Não sou iniciado na psicologia, mas posso assegurar que por mais que tentemos criar personagens completamente diferentes do que somos, acabamos não conseguindo. A pergunta deveria ser então: será que nos conhecemos tão bem à ponto de identificarmos quem realmente somos, e, por conseguinte, quem nossos personagens são?
Muitas vezes sustentamos certas máscaras (nada relacionado à Vampiro), mesmo sutis, que nos escondem de nós mesmos. Não é à toa que existe aquela frase batida que diz: “existem três facetas sobre nós: aquilo que os outros acham que somos, aquilo que achamos de que somos e aquilo que realmente somos.”
A criação do personagem de RPG segue sempre regras determinadas, repletas de cálculos. Mas a verdadeira criação do personagem está na escolha racional, consciente ou inconsciente, de cada atributo, perícia, característica ou poder.
Por mais que nossa construção possa parecer algo surpreendente para nós, em cada uma das escolhas, níveis ou cores, está um pouco do nosso ‘eu’.
E isso ainda é reforçado por nossa interpretação em jogo. Já disseram – “dê um pouco de poder para um homem e você conhecerá seu verdadeiro ser”. RPG é dar poder ilimitado para alguém, mas em outra realidade.
No RPG, por nossas escolhas de criação e posterior interpretação, achamos uma brecha para um pouco de nós mesmos escapar da prisão criada pelas ‘máscaras’ conscientes e ou inconscientes.

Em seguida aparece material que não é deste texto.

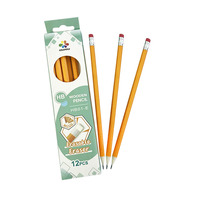 Ensemble de crayons de papeterie pour étudiants, crayons à dessin HB en bois pour l'école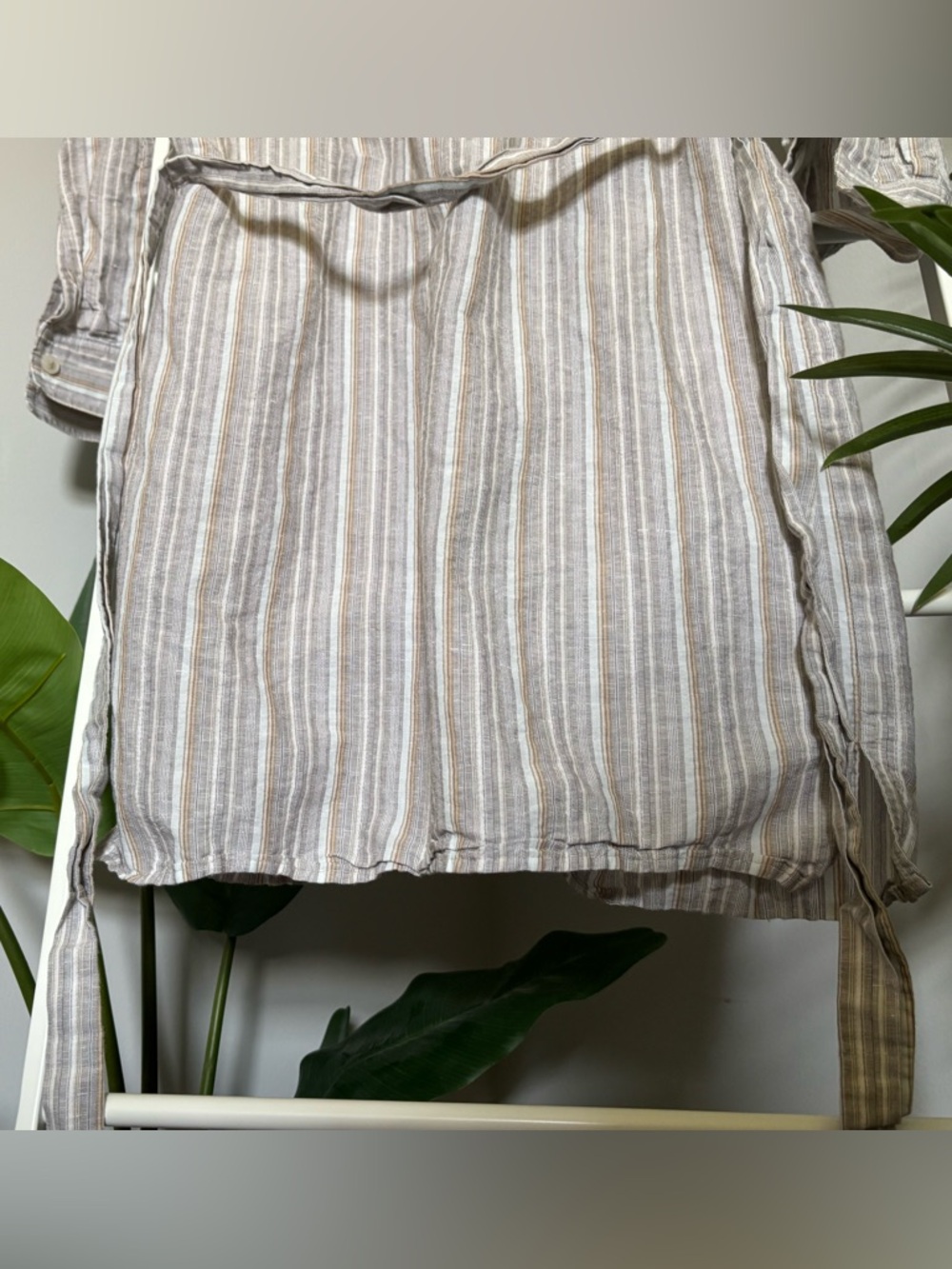 Tommy Hilfiger Neutral Striped Button-Up Shirt Dress - Picture 10 of 14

Depois de anos criando personagens eu comecei a perguntar, como quem olha de fora, quem era aquele ser artificial? Até que ponto eu estava nele ou ele em mim? Onde começa um e termina o outro? Haverá essa fronteira?
Calma... não comecem a achar que você é tão ruim ou mal quanto o vilão do último jogo. É um reconhecimento mais sutil, mas possível. Um reconhecimento de que as escolhas feitas estão muito mais próximas ou íntimas quanto achávamos.